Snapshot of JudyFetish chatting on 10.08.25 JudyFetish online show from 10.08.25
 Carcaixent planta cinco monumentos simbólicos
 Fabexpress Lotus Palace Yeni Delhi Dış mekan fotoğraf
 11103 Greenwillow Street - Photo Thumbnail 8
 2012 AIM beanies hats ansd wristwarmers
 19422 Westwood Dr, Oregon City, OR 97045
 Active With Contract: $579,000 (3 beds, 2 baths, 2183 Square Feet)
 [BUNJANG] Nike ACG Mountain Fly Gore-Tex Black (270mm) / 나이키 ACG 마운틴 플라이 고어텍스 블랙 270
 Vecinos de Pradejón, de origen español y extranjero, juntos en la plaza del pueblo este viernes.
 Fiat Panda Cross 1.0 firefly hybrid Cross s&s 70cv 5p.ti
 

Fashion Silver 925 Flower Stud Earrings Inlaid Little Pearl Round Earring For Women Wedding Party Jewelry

WHAT IS EXPECTED = The complete listing is to be repeated word for word.

RESPONSE TO THE TASK =
Snapshot of JudyFetish chatting on 10.08.25 JudyFetish online show from 10.08.25
 Carcaixent planta cinco monumentos simbólicos
 Fabexpress Lotus Palace Yeni Delhi Dış mekan fotoğraf
 11103 Greenwillow Street - Photo Thumbnail 8
 2012 AIM beanies hats ansd wristwarmers
 19422 Westwood Dr, Oregon City, OR 97045
 Active With Contract: $579,000 (3 beds, 2 baths, 2183 Square Feet)
 [BUNJANG] Nike ACG Mountain Fly Gore-Tex Black (270mm) / 나이키 ACG 마운틴 플라이 고어텍스 블랙 270
 Vecinos de Pradejón, de origen español y extranjero, juntos en la plaza del pueblo este viernes.
 Fiat Panda Cross 1.0 firefly hybrid Cross s&s 70cv 5p.ti
 

Fashion Silver 925 Flower Stud Earrings Inlaid Little Pearl Round Earring For Women Wedding Party Jewelry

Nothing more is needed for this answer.